Measuring the quality of these interventions’ implementation is not a straight forward matter. To capture the inherent multi-dimensional and interactive nature of implementation quality in these interventions, do we (a) import high levels of expert judgment and extract high-level qualitative and quantitative assessments of implementation quality; or, (b) granularize these complex sets of behaviors into indicators that can be more easily and perhaps reliably rated by less thoroughly expert observers but potentially sacrifice face and predictive validity by doing so?

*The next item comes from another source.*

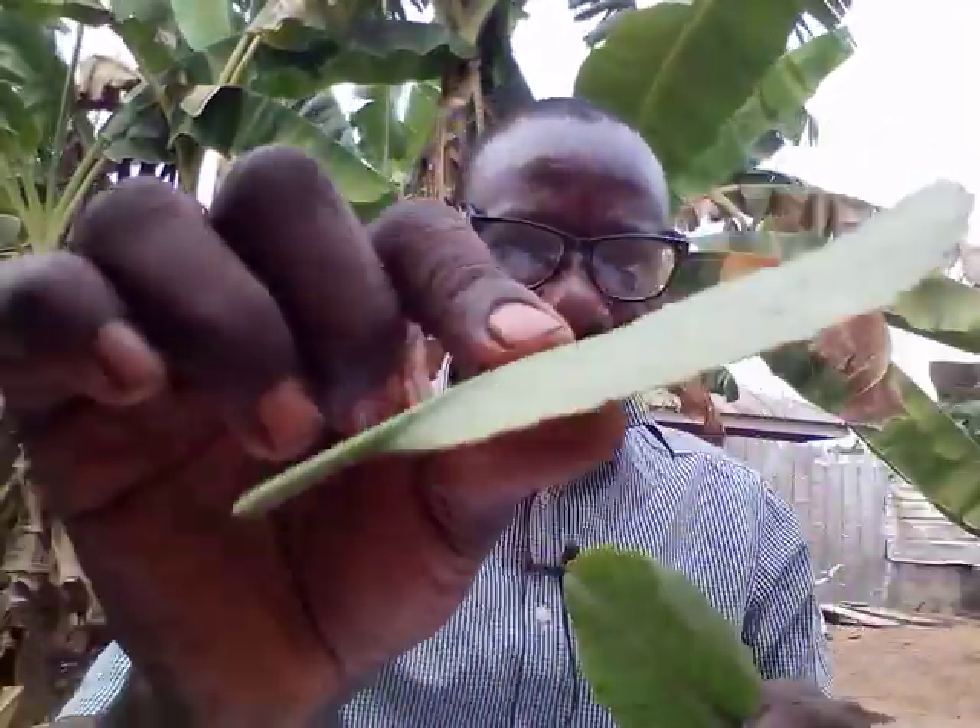The very first thing you need is 16 leaves of miracle leaves — 16 pieces. This is a miracle leaf. You get 16 of them. Make sure the ones you get do not have holes or are not chopped off in any form — exactly like this one here.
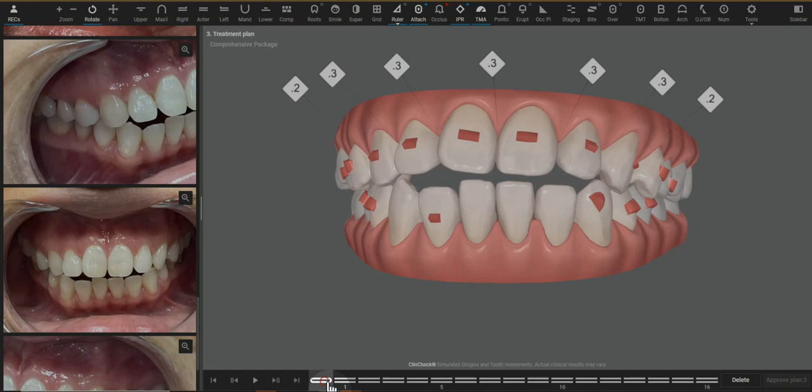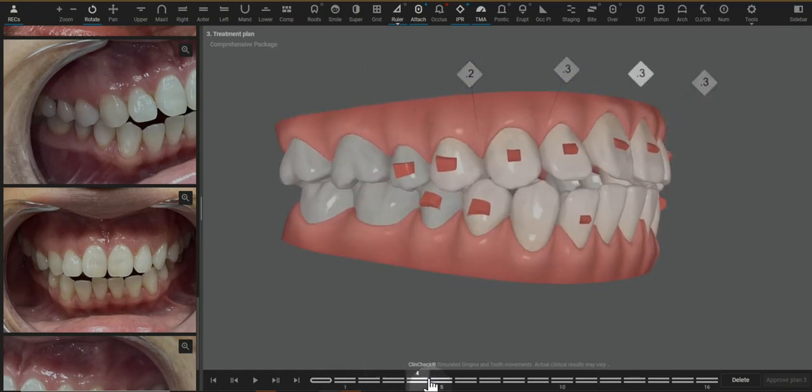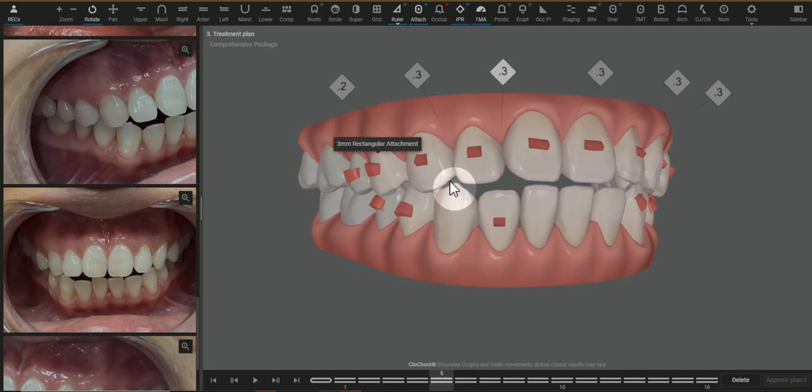When we are attempting to do this extrusion movement, although we have the active engagement of the aligner on the optimized attachments, what can happen is if the teeth are resisting — not necessarily due to bone pressure, but there's a PDL and multiple teeth moving — without these retention attachments, the aligner starts to slip off or disengage, and then these anterior attachments become essentially useless. So maintaining premolar or molar retention attachments is really key.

In the Implementation Quality Rating System, IRRE has taken a novel approach to resolving this measurement dilemma. This paper presents this approach and some initial psychometric results from its application to assessing the implementation quality of a curricular intervention in high schools serving low income students. The system is organized as a vertically integrated set of constructs and measures.  Implementation quality for an intervention is first parsed theoretically into broad elements of implementation quality – what are the “active ingredients” of this intervention (in this case, implementation of a thematic curriculum and its associated instructional strategies).  Next, nuggets of effective practice are specified within each of these elements.  For example, formative assessments might be an element of implementation quality and all students held individually accountable on these assessments might be one nugget of effective practice for this element. The next step is to calculate density indices with respect to these nuggets of effective practice – how many of these nuggets were reported/observed for each of the quality elements within and across each instance of this element.  These indices are then used to obtain quality ratings of each implementation element.  Finally, the system specifies combinatory rules for integrating these implementation element ratings into an overall rating of implementation quality for a given intervention.

This approach is supported by a data collection, analysis and reporting software package  that produces immediate and continuously updated reports that range from: presence or absence of a specific “nugget of effective practice” in the three instances of formative assessment during a teacher’s lesson; to a snapshot or growth report of the quality of formative assessments in all science teachers’ classes in a school; to a district wide rating of the overall quality of implementation of that science curriculum in all high schools.

This paper will provide greater detail on the steps in this approach to measuring implementation quality and initial psychometric information on the tool from its early application to curricular interventions. How this approach might advance research and evaluation on educational interventions currently being planned and launched as well as potential challenges and limitations of this tool as a research and evaluation instrument will also be discussed.